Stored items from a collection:
· · · · ·

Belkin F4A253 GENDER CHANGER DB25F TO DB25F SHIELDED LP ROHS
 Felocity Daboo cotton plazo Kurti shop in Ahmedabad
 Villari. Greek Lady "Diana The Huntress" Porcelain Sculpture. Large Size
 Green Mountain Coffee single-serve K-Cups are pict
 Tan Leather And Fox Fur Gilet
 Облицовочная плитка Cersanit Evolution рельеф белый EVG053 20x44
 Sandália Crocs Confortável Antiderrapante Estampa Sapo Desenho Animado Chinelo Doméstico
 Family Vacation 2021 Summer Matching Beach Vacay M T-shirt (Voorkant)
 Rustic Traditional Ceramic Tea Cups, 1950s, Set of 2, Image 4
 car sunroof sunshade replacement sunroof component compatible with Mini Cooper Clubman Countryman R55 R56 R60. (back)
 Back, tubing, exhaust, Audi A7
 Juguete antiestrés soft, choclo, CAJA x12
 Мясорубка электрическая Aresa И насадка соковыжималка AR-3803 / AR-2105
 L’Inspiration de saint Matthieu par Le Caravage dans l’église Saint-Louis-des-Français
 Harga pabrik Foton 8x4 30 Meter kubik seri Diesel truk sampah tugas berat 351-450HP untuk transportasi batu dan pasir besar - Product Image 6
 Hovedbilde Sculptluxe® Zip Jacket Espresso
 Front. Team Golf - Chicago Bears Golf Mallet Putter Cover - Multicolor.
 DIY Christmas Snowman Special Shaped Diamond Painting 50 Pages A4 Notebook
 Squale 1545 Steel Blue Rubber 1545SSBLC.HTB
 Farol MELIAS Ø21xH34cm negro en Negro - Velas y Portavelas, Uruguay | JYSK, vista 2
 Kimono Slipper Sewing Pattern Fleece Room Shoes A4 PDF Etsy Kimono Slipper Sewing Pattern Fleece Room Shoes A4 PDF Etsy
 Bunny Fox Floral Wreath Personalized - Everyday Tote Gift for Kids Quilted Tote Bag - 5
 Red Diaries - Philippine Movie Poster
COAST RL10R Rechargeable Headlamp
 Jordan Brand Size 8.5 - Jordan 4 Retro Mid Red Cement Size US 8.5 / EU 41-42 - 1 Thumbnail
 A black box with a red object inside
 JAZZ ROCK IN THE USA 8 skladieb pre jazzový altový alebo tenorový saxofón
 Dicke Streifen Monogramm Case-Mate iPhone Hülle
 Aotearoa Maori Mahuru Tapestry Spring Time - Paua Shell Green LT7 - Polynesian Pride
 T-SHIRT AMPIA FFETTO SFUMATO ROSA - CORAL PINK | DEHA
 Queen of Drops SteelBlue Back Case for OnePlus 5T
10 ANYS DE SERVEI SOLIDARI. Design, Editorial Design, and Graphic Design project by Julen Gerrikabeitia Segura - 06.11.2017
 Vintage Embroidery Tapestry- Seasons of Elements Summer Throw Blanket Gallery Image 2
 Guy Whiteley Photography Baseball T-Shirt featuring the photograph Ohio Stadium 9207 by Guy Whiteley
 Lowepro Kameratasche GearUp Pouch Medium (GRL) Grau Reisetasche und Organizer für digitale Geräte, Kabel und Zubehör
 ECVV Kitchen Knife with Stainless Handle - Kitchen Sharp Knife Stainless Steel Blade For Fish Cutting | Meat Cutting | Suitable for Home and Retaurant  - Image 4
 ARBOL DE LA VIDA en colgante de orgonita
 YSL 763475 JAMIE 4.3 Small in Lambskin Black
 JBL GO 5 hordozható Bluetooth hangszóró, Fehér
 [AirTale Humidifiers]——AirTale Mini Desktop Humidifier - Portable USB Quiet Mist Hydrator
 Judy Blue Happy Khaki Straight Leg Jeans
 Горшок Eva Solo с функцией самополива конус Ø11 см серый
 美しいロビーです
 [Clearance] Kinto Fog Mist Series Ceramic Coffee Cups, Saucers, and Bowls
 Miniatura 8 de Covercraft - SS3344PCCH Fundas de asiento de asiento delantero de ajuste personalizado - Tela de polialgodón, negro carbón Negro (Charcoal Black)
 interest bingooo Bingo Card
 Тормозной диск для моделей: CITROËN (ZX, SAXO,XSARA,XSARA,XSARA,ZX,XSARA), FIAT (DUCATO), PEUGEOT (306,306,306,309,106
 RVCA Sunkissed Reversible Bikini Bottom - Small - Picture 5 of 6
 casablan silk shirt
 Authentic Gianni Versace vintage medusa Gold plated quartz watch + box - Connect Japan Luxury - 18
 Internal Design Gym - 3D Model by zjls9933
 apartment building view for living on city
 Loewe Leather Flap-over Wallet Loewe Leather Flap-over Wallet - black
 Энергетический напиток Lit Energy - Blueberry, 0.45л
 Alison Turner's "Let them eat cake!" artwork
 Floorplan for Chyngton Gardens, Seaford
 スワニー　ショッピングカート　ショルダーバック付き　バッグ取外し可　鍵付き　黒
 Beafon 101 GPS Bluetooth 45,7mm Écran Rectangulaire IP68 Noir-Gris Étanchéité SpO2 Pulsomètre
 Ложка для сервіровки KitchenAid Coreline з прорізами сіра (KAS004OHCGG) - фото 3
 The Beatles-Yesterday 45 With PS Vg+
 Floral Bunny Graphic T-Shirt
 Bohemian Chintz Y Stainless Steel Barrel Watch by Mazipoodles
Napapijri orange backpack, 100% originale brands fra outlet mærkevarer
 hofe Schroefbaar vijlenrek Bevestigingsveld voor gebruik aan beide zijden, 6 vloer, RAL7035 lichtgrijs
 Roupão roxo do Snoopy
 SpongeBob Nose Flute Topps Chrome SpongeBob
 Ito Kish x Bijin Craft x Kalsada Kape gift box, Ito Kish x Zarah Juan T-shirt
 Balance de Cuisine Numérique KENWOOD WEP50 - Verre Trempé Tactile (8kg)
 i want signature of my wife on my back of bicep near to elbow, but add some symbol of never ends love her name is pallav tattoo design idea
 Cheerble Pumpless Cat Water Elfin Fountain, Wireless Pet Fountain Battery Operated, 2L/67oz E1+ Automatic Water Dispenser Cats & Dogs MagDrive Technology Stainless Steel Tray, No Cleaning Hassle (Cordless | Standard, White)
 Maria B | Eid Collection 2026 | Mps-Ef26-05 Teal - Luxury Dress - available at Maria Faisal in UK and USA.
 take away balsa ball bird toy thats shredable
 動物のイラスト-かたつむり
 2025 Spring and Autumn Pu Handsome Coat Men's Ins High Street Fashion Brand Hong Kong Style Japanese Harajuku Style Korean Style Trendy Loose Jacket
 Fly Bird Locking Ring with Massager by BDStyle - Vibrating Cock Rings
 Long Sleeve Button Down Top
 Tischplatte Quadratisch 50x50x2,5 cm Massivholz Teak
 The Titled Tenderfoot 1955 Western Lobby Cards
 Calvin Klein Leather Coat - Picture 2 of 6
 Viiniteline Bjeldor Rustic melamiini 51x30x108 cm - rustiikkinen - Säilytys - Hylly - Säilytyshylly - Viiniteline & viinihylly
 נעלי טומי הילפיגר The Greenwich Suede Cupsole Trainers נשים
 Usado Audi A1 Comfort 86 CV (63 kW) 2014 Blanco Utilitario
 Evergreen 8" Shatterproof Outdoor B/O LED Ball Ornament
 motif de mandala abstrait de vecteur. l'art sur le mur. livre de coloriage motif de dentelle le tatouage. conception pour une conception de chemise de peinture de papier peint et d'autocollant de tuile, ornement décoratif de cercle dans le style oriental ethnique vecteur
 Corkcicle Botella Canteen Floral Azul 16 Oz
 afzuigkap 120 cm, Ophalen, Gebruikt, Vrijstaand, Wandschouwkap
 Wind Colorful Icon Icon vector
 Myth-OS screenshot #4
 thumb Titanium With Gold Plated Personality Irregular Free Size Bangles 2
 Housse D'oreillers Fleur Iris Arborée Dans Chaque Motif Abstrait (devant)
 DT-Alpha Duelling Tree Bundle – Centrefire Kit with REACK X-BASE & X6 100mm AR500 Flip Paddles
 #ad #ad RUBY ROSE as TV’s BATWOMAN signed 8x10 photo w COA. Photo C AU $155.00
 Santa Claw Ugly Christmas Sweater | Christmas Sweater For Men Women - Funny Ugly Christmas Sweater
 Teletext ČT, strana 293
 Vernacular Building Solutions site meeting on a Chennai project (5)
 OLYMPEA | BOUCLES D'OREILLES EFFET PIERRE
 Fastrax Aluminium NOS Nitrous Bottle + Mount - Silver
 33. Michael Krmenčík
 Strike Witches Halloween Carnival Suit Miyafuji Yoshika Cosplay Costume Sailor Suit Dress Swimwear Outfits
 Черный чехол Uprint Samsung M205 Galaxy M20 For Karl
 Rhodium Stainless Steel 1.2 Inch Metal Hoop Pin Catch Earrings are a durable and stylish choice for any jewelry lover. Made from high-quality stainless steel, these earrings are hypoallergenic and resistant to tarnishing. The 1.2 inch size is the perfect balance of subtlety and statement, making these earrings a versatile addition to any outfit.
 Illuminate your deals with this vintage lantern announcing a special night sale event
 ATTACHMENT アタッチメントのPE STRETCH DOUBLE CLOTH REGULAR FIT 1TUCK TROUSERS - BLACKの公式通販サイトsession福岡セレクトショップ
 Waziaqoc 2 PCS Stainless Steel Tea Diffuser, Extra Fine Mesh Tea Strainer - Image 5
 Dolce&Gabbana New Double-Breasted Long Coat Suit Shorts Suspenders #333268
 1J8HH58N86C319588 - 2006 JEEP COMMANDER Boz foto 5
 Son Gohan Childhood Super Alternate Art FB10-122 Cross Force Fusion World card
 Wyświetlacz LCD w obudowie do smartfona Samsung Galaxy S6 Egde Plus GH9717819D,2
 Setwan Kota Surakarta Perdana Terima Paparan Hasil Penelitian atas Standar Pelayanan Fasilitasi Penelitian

· · · · ·

### Exercise
Please print verbatim each line from the first line of the entries above to the line that contains "Tan Leather And Fox Fur Gilet", inclusive, and nothing more.

### Exercise answer
Belkin F4A253 GENDER CHANGER DB25F TO DB25F SHIELDED LP ROHS
 Felocity Daboo cotton plazo Kurti shop in Ahmedabad
 Villari. Greek Lady "Diana The Huntress" Porcelain Sculpture. Large Size
 Green Mountain Coffee single-serve K-Cups are pict
 Tan Leather And Fox Fur Gilet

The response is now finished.